• Handling Categorical Feature is the crucial step in making a ML model.
• If there is no Handling of Categorical Feature step on the data, your ML model won't work properly.
| Language Used: | Python |
|---|
| IDE Used: | PyCharm |
|---|
Handling Categorical Feature / Pre-processing steps required to prepare any dataset on which we will build our ML model.
The first step is always to get the dataset and try to understand dataset. Try to figure out what all are independent variables and what are dependent variables. In Machine Learning, some independent variables are used to predict a dependent variable.
Importing following essential libraries
• Pandas -> to import the dataset and manage the dataset
• Sklearn -> it features various classification, regression and clustering algorithms
The name of the dataset I have used for this project is 'Startup_Profit.csv'.
Dataset contains five columns -> R&D Spend, Administration, Marketing Spend, State, Profit. The shape of our dataset is (50, 5).
Dataset contains information of startups expense and profit.
First three columns are information of expenses like R&D Spend, Administration and Marketing Spend. Fourth column shows the State of startup and fifth column tells us about overall profit margin.
In Startup_Profit.csv, first four columns i.e. R&D Spend, Administration, Marketing Spend, State are independent variables whereas fifth column Profit is dependent variable.
Your dataset may contain quantitative and qualitative variables. Quantitative variables contain numeric values whereas qualitative variables contain the categories or levels within the data.
Machine Learning models are based on mathematical equations, so it would cause some problem if we keep the text and use categorical variables in the equation because ML Model want only numbers in the equations. That's why we need to encode categorical variables.
In 'Startup_Profit.csv', State is a categorical variable because it simply contains categories.
• State variable contains three different categories - New York, California and Florida
In Python, there are two ways of doing this:
- Using Pandas Library
- Using Sklearn Library
If you are using pandas you have to create dummy variable and if you are using sklearn you have to use LabelEncoder and OneHotEncoder.
Python will give levels to these categories and the order of those levels is not important. But we have to prevent ML equations from thinking one level is greater than other or vice versa. To prevent this, we use dummy variables. So, for example, for State column, instead of having one column we will have 2 columns (n-1). This can be achieved with the help of get_dummies() in pandas and OneHotEncoder class in sklearn.
In this project I have used pandas.
In Python, you have to create two matrices for independent variables and dependent variable.
Hence for Startup_Profit.csv, create one matrix for four independent variables and then create one matrix dependent variable.
ML is about a machine that is going to learn from the data to make predictions.
We need to split the dataset into training set and test set.
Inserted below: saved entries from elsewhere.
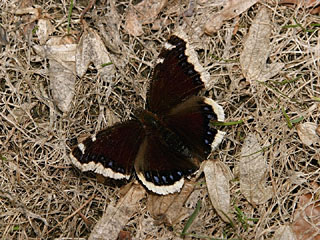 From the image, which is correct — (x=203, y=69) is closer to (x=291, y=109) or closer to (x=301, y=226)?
(x=291, y=109)

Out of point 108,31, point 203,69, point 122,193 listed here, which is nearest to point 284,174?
point 203,69

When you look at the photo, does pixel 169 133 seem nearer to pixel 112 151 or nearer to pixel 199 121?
pixel 199 121

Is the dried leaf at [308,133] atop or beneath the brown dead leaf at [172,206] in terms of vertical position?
atop

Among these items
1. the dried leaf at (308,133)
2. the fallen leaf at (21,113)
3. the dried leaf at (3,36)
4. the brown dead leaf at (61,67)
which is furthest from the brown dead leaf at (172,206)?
the dried leaf at (3,36)

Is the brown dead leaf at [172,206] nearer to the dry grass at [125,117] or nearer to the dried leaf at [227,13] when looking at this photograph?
the dry grass at [125,117]

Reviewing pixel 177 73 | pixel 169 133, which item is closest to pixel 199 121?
A: pixel 169 133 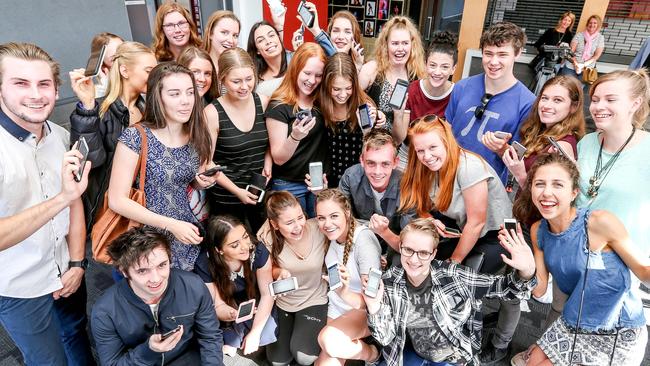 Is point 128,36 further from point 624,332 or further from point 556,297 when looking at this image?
point 624,332

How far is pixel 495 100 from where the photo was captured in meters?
2.38

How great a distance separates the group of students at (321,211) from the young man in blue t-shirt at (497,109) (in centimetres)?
1

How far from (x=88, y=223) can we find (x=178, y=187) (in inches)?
18.5

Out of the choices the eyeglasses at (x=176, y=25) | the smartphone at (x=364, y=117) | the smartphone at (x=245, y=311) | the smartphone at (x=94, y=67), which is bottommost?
the smartphone at (x=245, y=311)

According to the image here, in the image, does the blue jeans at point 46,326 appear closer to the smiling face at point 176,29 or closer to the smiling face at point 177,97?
the smiling face at point 177,97

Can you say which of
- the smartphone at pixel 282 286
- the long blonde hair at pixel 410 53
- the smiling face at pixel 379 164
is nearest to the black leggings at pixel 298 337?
the smartphone at pixel 282 286

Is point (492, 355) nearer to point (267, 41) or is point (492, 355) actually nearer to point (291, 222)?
point (291, 222)

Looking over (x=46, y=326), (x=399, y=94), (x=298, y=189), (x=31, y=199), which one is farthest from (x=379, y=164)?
(x=46, y=326)

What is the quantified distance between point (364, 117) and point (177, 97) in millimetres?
1062

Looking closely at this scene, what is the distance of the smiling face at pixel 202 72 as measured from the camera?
229 centimetres

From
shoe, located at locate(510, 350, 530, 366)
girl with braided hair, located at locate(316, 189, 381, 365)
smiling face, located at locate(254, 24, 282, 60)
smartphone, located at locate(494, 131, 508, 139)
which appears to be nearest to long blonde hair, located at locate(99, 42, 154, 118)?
smiling face, located at locate(254, 24, 282, 60)

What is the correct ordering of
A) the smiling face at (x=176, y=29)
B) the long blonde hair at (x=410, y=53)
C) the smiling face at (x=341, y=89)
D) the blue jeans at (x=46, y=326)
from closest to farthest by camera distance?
1. the blue jeans at (x=46, y=326)
2. the smiling face at (x=341, y=89)
3. the smiling face at (x=176, y=29)
4. the long blonde hair at (x=410, y=53)

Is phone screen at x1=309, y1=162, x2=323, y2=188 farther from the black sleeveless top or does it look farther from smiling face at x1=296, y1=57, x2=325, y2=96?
smiling face at x1=296, y1=57, x2=325, y2=96

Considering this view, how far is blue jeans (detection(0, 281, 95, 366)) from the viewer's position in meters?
1.57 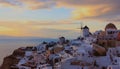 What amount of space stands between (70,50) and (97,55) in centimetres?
593

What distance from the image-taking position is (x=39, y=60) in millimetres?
43219

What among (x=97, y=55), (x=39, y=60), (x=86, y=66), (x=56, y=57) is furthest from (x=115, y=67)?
(x=39, y=60)

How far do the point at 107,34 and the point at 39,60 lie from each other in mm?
8911

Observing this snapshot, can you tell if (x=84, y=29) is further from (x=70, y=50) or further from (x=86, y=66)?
(x=86, y=66)

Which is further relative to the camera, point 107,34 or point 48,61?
point 107,34

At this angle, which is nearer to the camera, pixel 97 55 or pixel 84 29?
pixel 97 55

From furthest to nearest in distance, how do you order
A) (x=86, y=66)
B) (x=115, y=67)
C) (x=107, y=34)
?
(x=107, y=34)
(x=86, y=66)
(x=115, y=67)

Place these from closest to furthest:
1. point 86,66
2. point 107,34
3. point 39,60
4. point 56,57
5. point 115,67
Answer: point 115,67 → point 86,66 → point 56,57 → point 39,60 → point 107,34

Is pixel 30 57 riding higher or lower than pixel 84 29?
lower

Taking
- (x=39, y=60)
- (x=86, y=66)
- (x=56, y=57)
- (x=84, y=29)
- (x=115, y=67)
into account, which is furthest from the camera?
(x=84, y=29)

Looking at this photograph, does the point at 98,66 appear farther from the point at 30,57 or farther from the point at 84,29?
the point at 84,29

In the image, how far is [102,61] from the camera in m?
35.3

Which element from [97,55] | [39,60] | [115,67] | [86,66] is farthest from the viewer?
[39,60]

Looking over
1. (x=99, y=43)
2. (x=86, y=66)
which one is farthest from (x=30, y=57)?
(x=86, y=66) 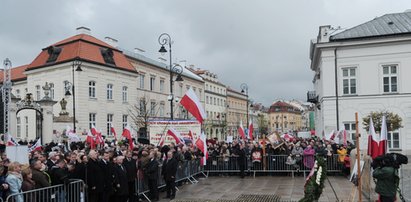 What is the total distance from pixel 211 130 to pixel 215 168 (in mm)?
59582

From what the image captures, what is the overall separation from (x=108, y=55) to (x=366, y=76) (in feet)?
91.6

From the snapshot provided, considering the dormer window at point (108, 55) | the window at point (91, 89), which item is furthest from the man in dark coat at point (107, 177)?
the dormer window at point (108, 55)

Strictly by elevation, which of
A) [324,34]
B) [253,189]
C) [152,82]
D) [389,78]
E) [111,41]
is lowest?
[253,189]

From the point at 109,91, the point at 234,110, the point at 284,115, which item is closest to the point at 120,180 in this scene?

Using training set, we build the machine learning model and using test set, we test the performance of this machine learning model.
We are building our ML model on training set by establishing some correlation between independent variables and dependent variables and once the ML model understands the correlation between independent variables and dependent variables. We will test if the ML model can apply the correlations you understood based on training set on test set.
In brief, we have to make two different datasets. The training set on which the machine learning model learns and test set on which we test if the ML model learned correctly the correlations.
In Python, model_selection class from scikitlearn library is used to split the dataset into training and test set.
In this project, I have given 75% of data for training and 25% of data for testing.
Linear regression is perhaps one of the most well-known and well-understood algorithms in statistics and machine learning. Linear regression is a linear approach to modeling the relationship between a scalar response (or dependent variable) and one or more explanatory variables (or independent variables).
In this project we have achieved an accuracy of 92% (0.9259600592002034)